> [GIVEN DATA]:
----

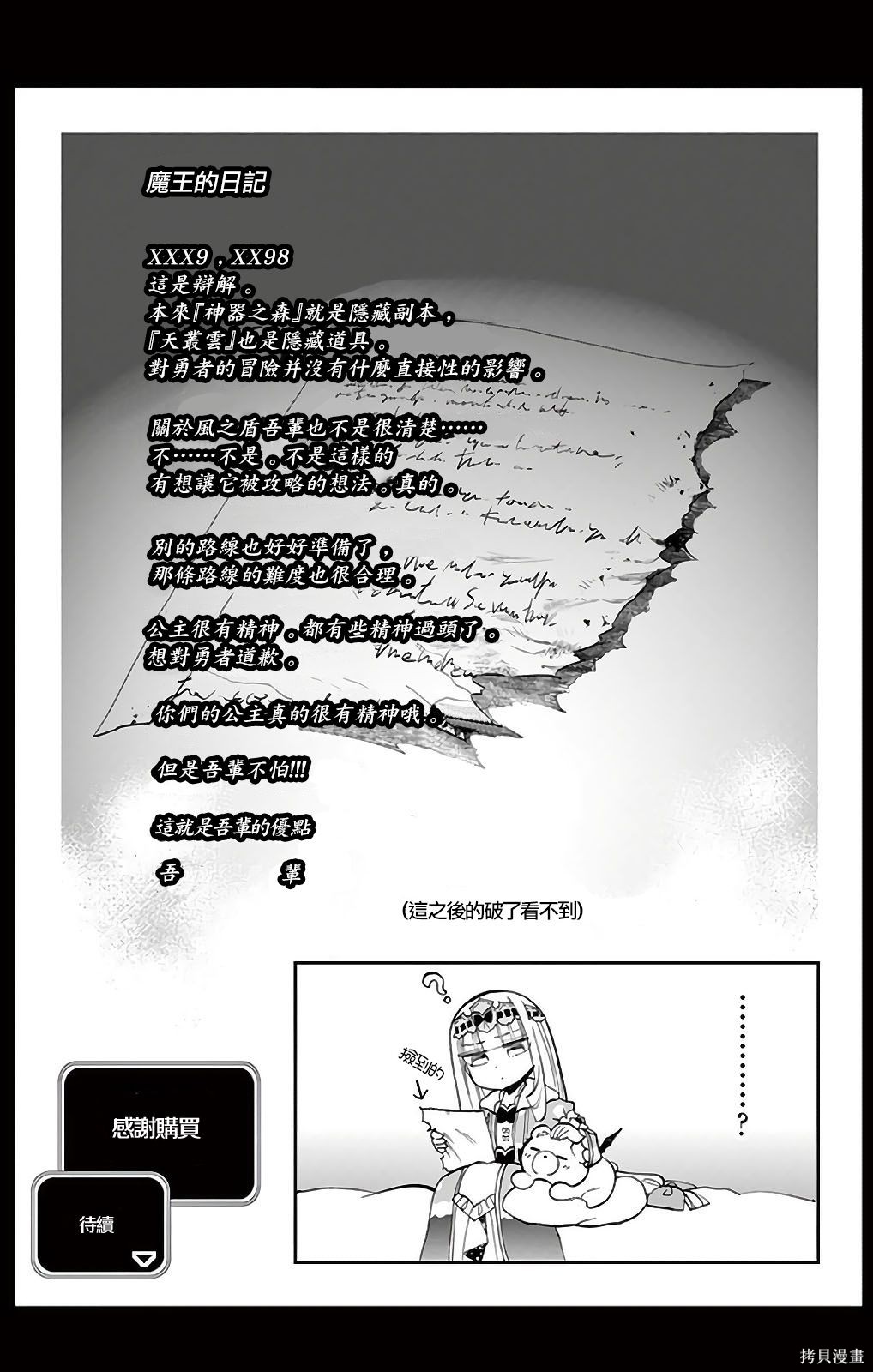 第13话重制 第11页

----

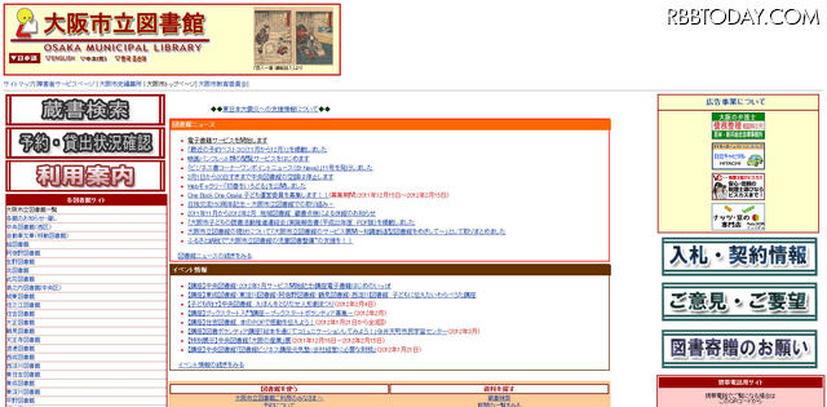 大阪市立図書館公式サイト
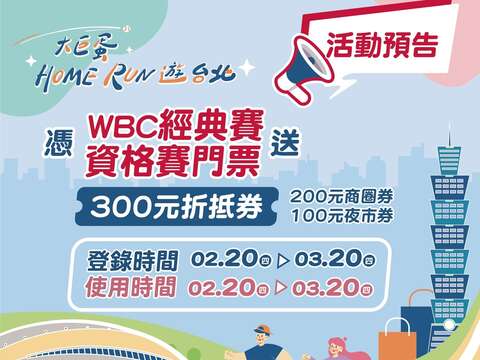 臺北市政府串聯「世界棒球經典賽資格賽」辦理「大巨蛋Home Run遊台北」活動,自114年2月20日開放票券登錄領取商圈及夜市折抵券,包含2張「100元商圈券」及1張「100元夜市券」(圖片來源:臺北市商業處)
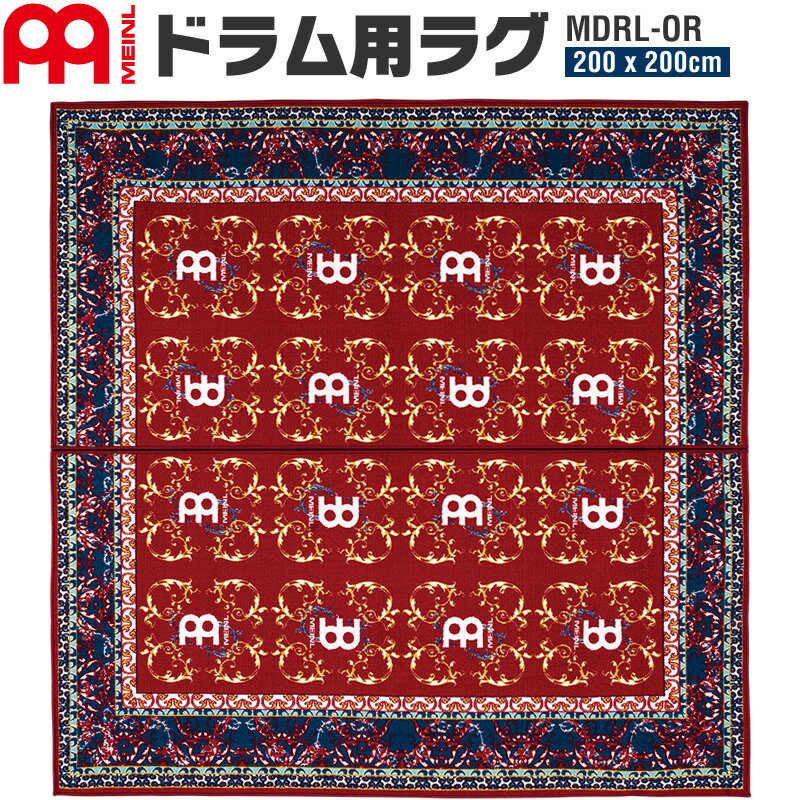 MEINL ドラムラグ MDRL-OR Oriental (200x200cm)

----

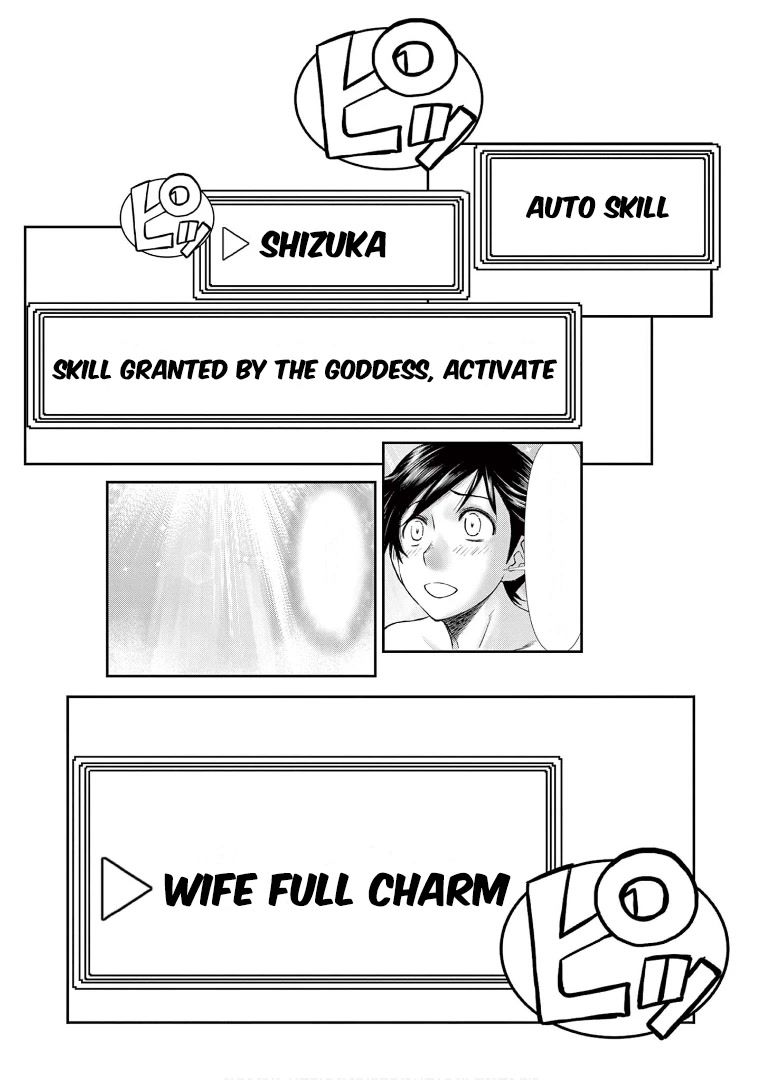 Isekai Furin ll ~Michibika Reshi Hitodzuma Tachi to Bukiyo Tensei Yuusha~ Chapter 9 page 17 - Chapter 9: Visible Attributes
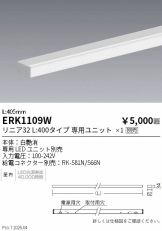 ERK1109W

----

> [WORK INSTRUCTIONS]:
Return the material from the line containing "臺北市政府串聯「世界棒球經典" through the line containing "MEINL ドラムラグ MDRL-OR Oriental (200x200cm)", exactly and in full, but without its pictures.

> [TASK ANSWER]:
 臺北市政府串聯「世界棒球經典賽資格賽」辦理「大巨蛋Home Run遊台北」活動,自114年2月20日開放票券登錄領取商圈及夜市折抵券,包含2張「100元商圈券」及1張「100元夜市券」(圖片來源:臺北市商業處)
 MEINL ドラムラグ MDRL-OR Oriental (200x200cm)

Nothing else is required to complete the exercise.